0, 0, 0, 0, 1, 0, 0, 0, 0, 1, 0, 0, 0, 0, 1, 0, 0, 0, 0, 1, 0, 0, 0, 0, 3,

In this way, we build the self similar sequence of "exponents of 5" in the natural numbers. We can add these up, and these give the values you are looking for because every new 5 added to a factorial will already have a matching 2 (2 < 5 so occurs more often) and we get a new trailing zero.

Now you can already see in this sequence that you will have an infinite number of places where you skip a sum that is divisible by 5. Most of the time you are adding only one and when you add more, you might skip a multiple. This will "roll" around on the sum, where sometimes you sum a one onto a multiple of five and do this for a few runs until you line back up to skip the multiple of five. This argument can be made rigorous using the fact that you can prove it at block level 2 that a multiple is skipped at that level and then induct to each higher level of self-similarity. Once you show that block level 2 will always skip at all starting integers (mod 5) then you are done, as you know the gap will never be larger than 30 (though may be less due to wrap around from higher block levels).

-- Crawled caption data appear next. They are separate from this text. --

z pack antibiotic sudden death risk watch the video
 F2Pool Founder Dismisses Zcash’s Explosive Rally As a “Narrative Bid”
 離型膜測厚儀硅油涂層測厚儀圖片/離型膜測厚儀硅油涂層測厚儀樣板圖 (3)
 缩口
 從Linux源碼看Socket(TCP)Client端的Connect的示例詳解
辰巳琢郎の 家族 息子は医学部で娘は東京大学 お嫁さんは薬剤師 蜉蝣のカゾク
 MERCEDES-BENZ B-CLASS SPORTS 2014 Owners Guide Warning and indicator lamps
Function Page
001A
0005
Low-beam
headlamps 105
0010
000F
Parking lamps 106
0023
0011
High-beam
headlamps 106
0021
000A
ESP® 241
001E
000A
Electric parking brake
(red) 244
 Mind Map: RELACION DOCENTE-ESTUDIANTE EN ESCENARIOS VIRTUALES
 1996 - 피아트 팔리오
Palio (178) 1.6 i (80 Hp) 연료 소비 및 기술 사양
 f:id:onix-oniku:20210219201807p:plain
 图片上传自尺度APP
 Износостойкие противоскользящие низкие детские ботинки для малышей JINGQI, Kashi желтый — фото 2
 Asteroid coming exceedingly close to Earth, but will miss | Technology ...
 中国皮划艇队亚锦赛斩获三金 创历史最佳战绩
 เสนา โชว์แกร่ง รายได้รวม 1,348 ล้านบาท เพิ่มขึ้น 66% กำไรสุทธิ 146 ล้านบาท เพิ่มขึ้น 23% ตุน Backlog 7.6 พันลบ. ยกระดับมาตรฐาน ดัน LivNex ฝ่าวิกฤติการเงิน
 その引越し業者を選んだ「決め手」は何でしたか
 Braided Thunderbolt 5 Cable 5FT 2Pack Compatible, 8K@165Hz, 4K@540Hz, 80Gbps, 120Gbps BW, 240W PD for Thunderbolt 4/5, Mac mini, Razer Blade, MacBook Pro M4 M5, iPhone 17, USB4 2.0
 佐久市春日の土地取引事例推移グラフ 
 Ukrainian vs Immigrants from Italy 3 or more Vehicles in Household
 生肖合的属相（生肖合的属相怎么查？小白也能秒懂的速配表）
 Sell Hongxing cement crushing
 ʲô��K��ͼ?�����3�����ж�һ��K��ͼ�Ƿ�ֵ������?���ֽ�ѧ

The numbers under 1000 that are multiples of 5 and skipped are:

5 30 60 85 110 135 155 185 210 235 260 285 310 335 360 385 410 435 465 485 510 535 560 590 615 635 660 685 715 740 765 780 810 835 860 885 910 935 960 985

Note that these kinds of self-similar sequences are very useful if you are interested in divisibility results for other exponents besides 5. They have the same type of pattern, in the obvious way.

Answer 2

For $k \geqslant 2$, we have

$$f(5^k) = \frac{5^k-1}{5-1} \equiv 1 \pmod{5},$$

so the multiple

$$\frac{5^{k-1}-1}{4}\cdot 5$$

of $5$ is skipped. That produces the sequence $5,5+5^2 = 30, 5+5^2+5^3 = 155, 155+5^4 = 780,\dotsc$ of skipped multiples of $5$.

There are more, for example $f(350) = 70+14+2 = 86$, so $85$ is skipped. Generally, if we call $s_5(n)$ the sum of the digits in the base-$5$ representation of $n$, then we have

$$f(n) = \frac{n-s_5(n)}{4}.$$

$f(n)$ skips $k-1$ values when $n$ is a multiple of $5^k$ but not of $5^{k+1}$, and among the skipped values is a multiple of $5$ whenever $k-1 \geqslant 5$, or the remainder of $f(n)$ modulo $5$ is between $1$ and $k-1$ (inclusive). The latter condition translates to $1 \leqslant s_5(n) \bmod{5} \leqslant k-1$ for $2 \leqslant k \leqslant 5$, and I used that to find the example $350 = 2\cdot 5^3 + 4\cdot 5^2$ as the smallest number that is not a power of $5$ and leads to a skipped multiple of $5$ in the $f(n)$ sequence.